I now have a tool that dissects long words into smaller ones, with a focus on ‘perfect’ decompositions: no letter of the long word remains unaccounted for (the program only saves solutions for e.g. a 10-lettered word containing two 5-lettered one, or a 13-lettered words containing one 5-lettered word and two 4-lettered ones, etc.). It works as a script that one can invoke through the command line.
The program uses two recursive functions and regular expressions:
- first, going through the first list of subwords, it checks with RegEx whether there is a match with the superword at hand;
- if there is, the function
positions()recursively calculates all the possible distributions of the subword (which is a subsequence) within the superword, and return those as a list of lists;
- the program then creates a string ‘remainder’ without those letters, and recurses, this time using the second list of subwords;
- when at the bottom of the recursion, the program checks if the final remainder is in the appropriate dictionary (a Dawg, for fast look-ups).
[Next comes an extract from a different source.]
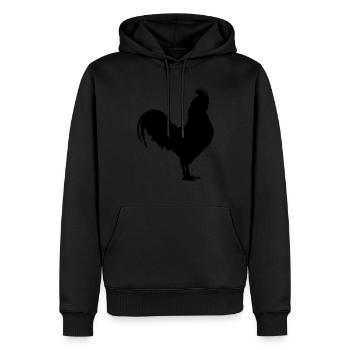 Hahn - Männer Premium Bio Hoodie - Schwarz - Vorne - Nico (187cm)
I added the constraint that the subwords should always have at least one inner division (none of the subwords can appear ‘as it is’, fully concatenated, somewhere within the superword). It was also interesting to find a way of avoiding repetitions in the results (‘presentations,penis,raton,set’ could also be ‘presentations, raton, penis, set’, etc.). Using sets for this, and the reconstructing the results in the right order (using the length the user had input in the arguments), was the way to go.
As mentioned in my update post on Wordsquares, the input dictionary is also quite crucial here (especially for short words, where irrelevant abbreviations abound).
The result can be remarkably ‘unreadable’, or at least cryptic. A few examples from the GitHub Readme:
w a r e ve va in g al a g in g b r a in b r in g a ga in upp er s ort s e the r sw e a t N er o va i n co s t l ion de ar c at s i s i s m i n e s o ar fa cin g s atin error s t i ts M at s ent in t o ru i n u n i v e il l ab s r it e
Still to be done: a graphical representation that I can have printed.
It is not clear that I want to keep this level of constraint for this one. Some results are somewhat salient, but it might prove more fruitful, for instance, to drop the ‘perfection’ constraint, and write a version of the program that allows for ‘undecomposed’ letters, present only in the superword and none of the subwords. The number of results would explode, and it is likely that I would have to renounce the idea of a ‘total’ corpus of solutions, but it might be best for my artistic purpose: I could have to include a way of searching for results word after word, perhaps, having more auctorial input throughout. The method I am using, which consists in building a ‘total’ set of results, before I research it (with tools I am yet to develop), comes with quite a lot of issues, perhaps the more prickly of which being the feeling that the constraint is alienating me, forcing me to look at ‘literary’ objects of no interest, and reducing my output to logology, the trivial pastime of scrabblers….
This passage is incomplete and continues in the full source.